Ya está Eylert como antes de su regeneración; en las garras del vicio y sin obra que le pueda dar fama. Así, acude a Hedda pidiendo consejo. Y Hedda le aconseja... ¿Que tome el amoníaco, y, una vez despejado, rehaga sus cuartillas?... Nada de eso. ; ¡Que se suicide! Consejo al que acompaña el regalo de una pistola, para que sea más fácil seguirle.
Eylert se suicida y Hedda se desespera. Esto parece absurdo, pero no lo es. Hedda se desespera con razón, pues Eylert se suicida mal. Y es lo que dice Hedda: "El ridículo y la ruindad alcanzan, como una maldición, a cuanto yo inspiro". Desconsolador, verdaderamente. Además, la aspirante a dominadora se encuentra dominada. El señor Brack, que aun cuando parecía una codorniz sencilla, es un lagartón con muchísimas escamas, ha descubierto las causas del suicidio de Eylert y amenaza contar lo que sabe si Hedda no se le entrega. Y Hedda entonces se suicida; pero bien, bien: con un tiro en la cabeza, según las reglas del arte.
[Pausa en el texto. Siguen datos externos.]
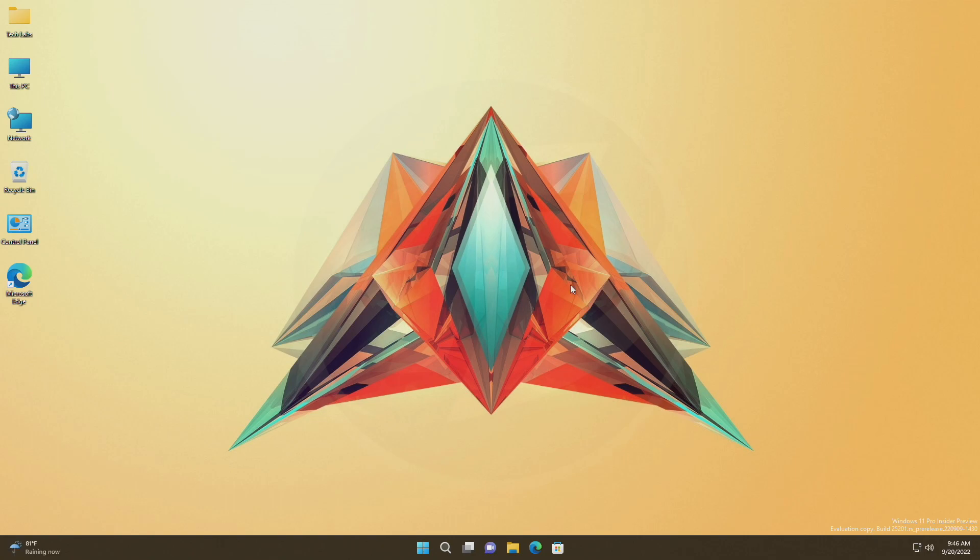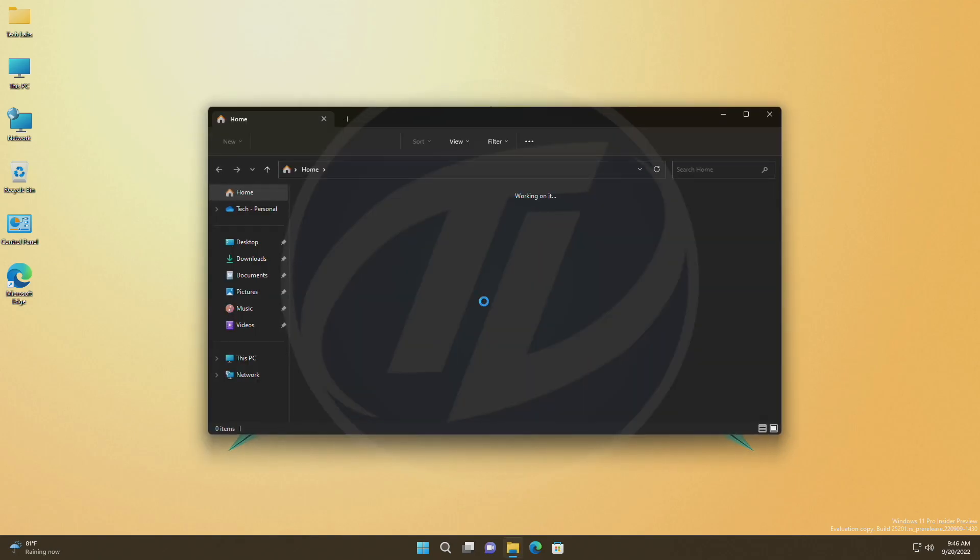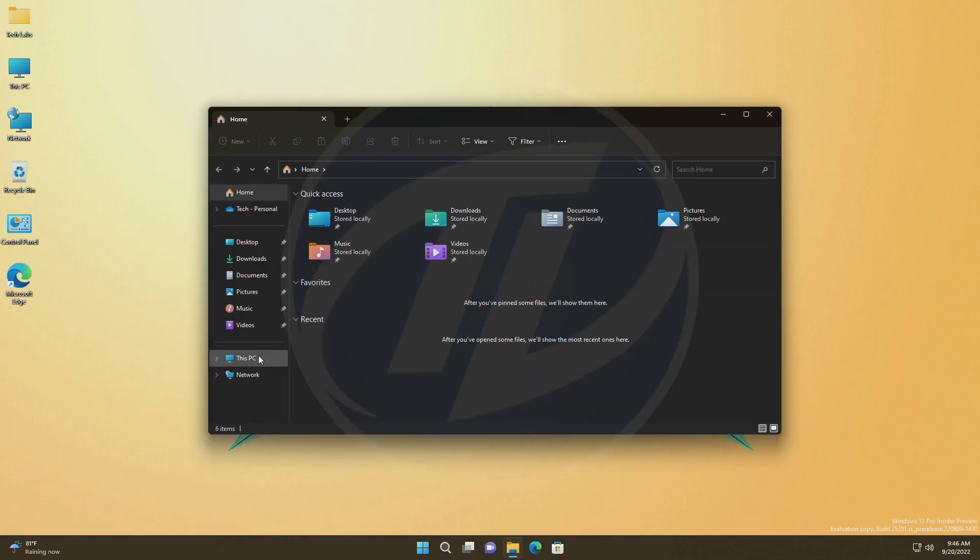After restarting the PC, you'll have to turn on the new File Explorer, which will have the live search.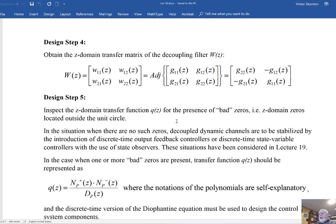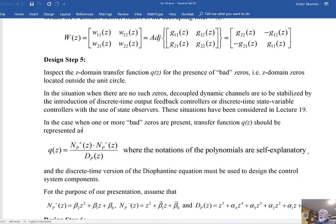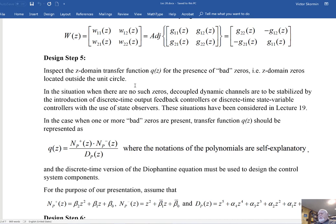The next step is to inspect the Z-domain transfer function Q(Z) for the presence of bad zeros — Z-domain zeros located outside the unit circle. Since Q(s) had bad zeros, with very high certainty Q(Z) will also have bad zeros. Since we have these bad zeros, we are effectively dealing with a controlled plant whose transfer function has right-hand-side zeros, and you understand that the Diophantine equation must be used in this situation.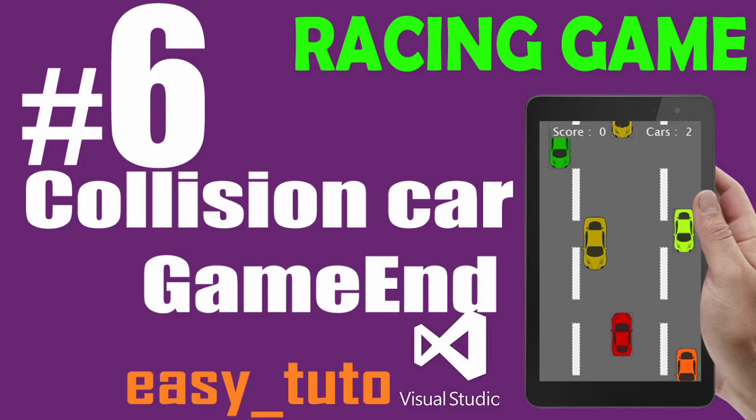What is going on guys, welcome to this sixth video tutorial of racing game development in Visual Studio. In this video we will make the car intersect with each other and the game should end and the game should stop.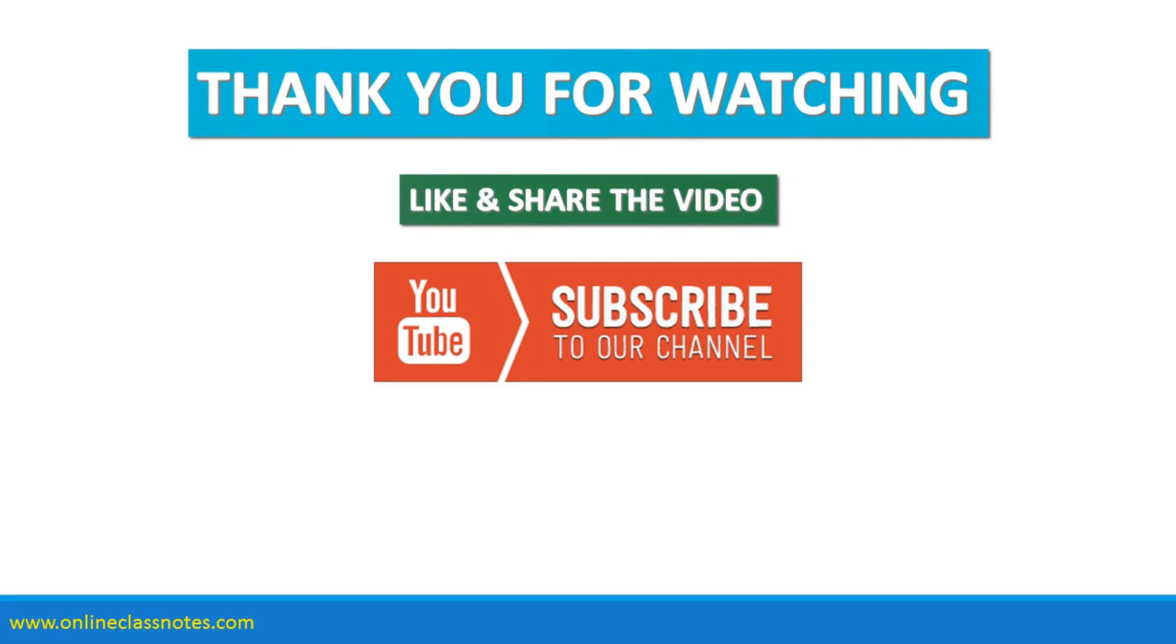Thank you very much for watching the video. Like and share the video if you have liked it, and also subscribe to our channel so that you get all the latest videos as soon as they are uploaded. Thanks again.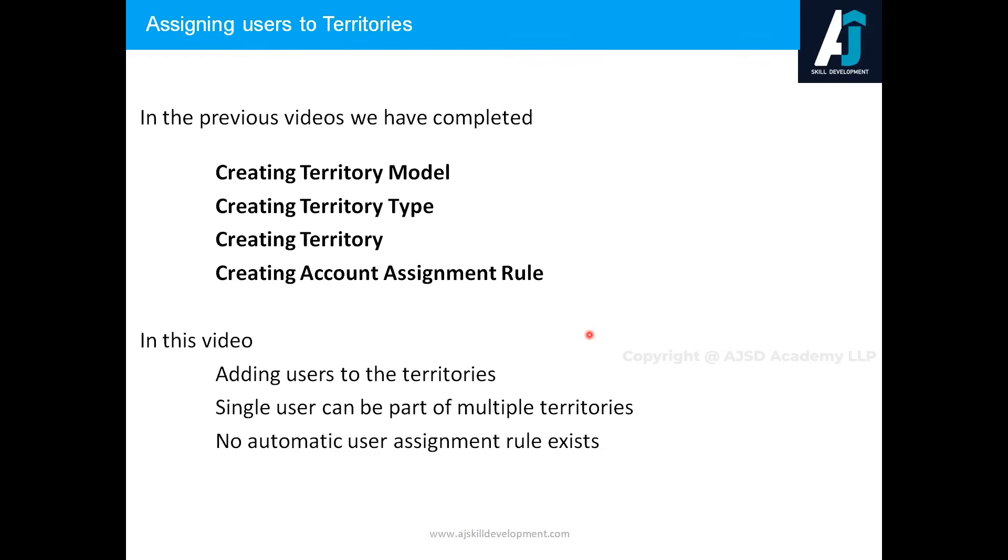In this video we are going to add users to the territories. It is a manual process, there is no automation involved here, there is no auto assignment rule out of the box.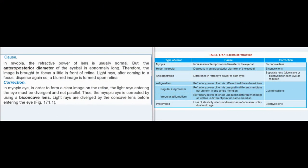Cause: In myopia, the refractive power of the lens is usually normal. But the anteroposterior diameter of the eyeball is abnormally long. Therefore, the image is brought to focus a little in front of the retina. Light rays, after coming to a focus, disperse again, so a blurred image is formed upon the retina.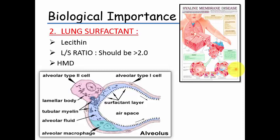The second function is as a lung surfactant. Phosphatidylcholine, otherwise known as lecithin, acts as a lung surfactant. In cases of preterm delivery, doctors check for the LS ratio - the lecithin to sphingomyelin ratio - which should be more than 2. If it is more than 2, the lungs are considered mature enough. If lecithin is less, the infant or fetus may suffer from hyaline membrane disease, which is a type of respiratory distress syndrome. Lecithin provides surfactant capacity to the lungs.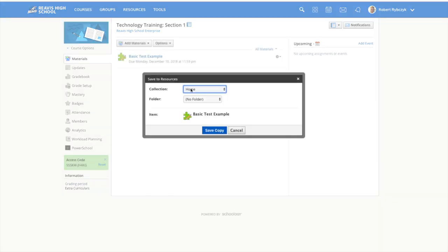Now I don't have a collection set up or a folder that I want to put this in, so I'm going to leave these settings as they are and choose save copy.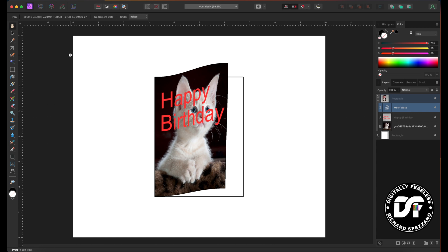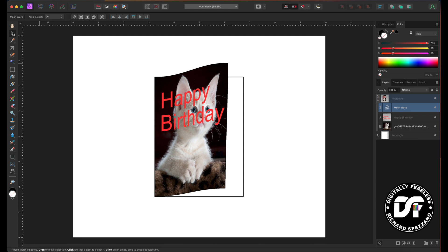So I can do all kinds of different mock-ups — a bottle, a box, anything I want — and show people, putting it on any angle and any kind of warp. I think this is a great feature. I hope you like this tutorial, and if you do, please click like and subscribe. Have a great day, bye!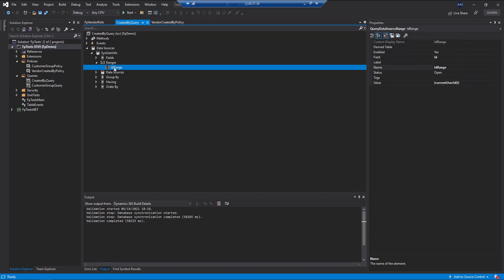to actually filter our SysUserInfo table just down to the current user that's logged in.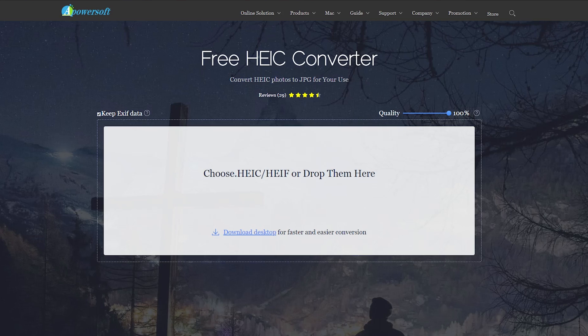Welcome back to the Chupacabra Tutorials channel. I'm your host Larry, and today we're talking about how to convert HEIC or HEIF image files that you might be getting from your friends that use the latest iPhone or iPad. It's a fancy new file type made by the same people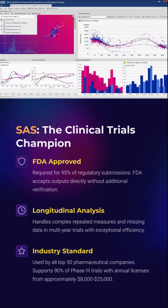SAS is trusted across pharmaceutical industries and academic trials alike. It is often the go-to platform for regulatory submissions to the FDA. Its strength lies in handling large longitudinal datasets, repeated measures, and missing values efficiently and precisely. Though it is expensive, its value in high-stakes clinical research is unmatched.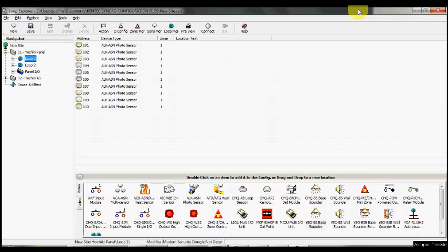So where would we use the first and second stage delay? Well, one area might be where we have a site that doesn't want to evacuate the whole site on a single smoke detector. They would like to have an acknowledgement period, maybe up to 30 seconds, so that when a smoke detector goes into fire, the beacons operate immediately but the sound is delayed for 30 seconds for someone to go to the panel and acknowledge the system by pressing the acknowledgement button.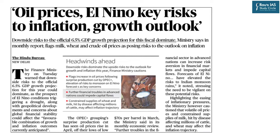There was an article in yesterday's The Hindu on oil prices and key risks to inflation and growth outlook. UPSC often asks questions on inflationary effects of various factors and factors influencing the growth outlook of India and the world.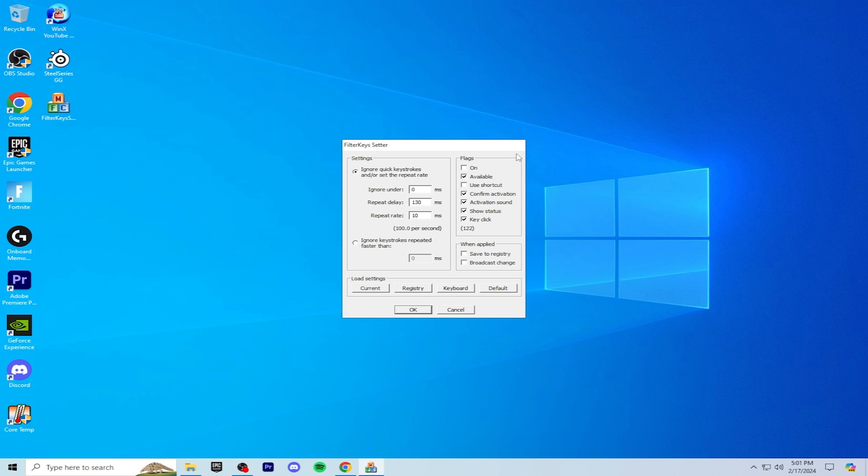For the flags, you're going to check on so it works. You're also going to check use shortcut, and you're going to uncheck key click because if you have this enabled, every time you click a key on your keyboard there's going to be a noise in your ear and it's very annoying.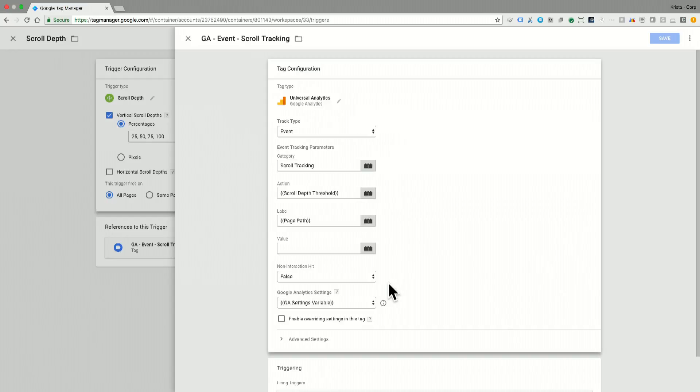The last thing to note here is the non-interaction hit event setting. So I have this set to false, which means that this event will count as an interaction, or that this user will not count as a bounce.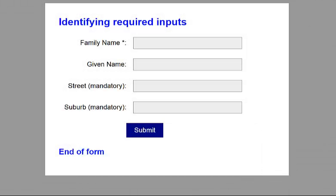Here we have a form with four inputs, and three are required or mandatory. Family name is required, indicated with the keyboard star or asterisk and aria-required equals true. Given name is not required, and it uses aria-required equals false. The street name is required, indicated with the word mandatory and also the HTML5 required attribute. The suburb is required, indicated with the word mandatory, the HTML5 required attribute, as well as aria-required equals true.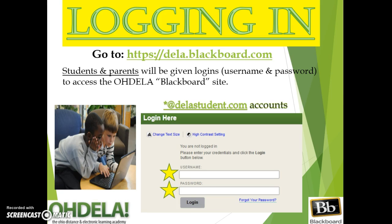Upon accessing our site, students and parents will see an area to log in. Once you enter a username and password, click login to move one step closer to learning.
Tal es la figura femenina que Ibsen ofrece para que se luzca, encarnándola, una gran actriz: el público, contemplándola, se divierte muchísimo, y la critica, al juzgarla, se admire toda y diga que sí es un gran carácter, que sí encierra una alta espiritualidad, etc., etc . Y no está mal, admitiendo que el teatro ibseniano, con su ambiente mefítico, sus acciones repulsivas y sus personajes miserables, merezca ponerse en escena, haya quien asista a sus representaciones y tenga alguna cosa que deba ser alabada honradamente.
Ahora bien: como a mí las obras dramáticas de Ibsen me parecen francamente desagradables, tal vez me ciegue este prejuicio y no vea la grandeza y la elevación del tipo de Hedda Gabler.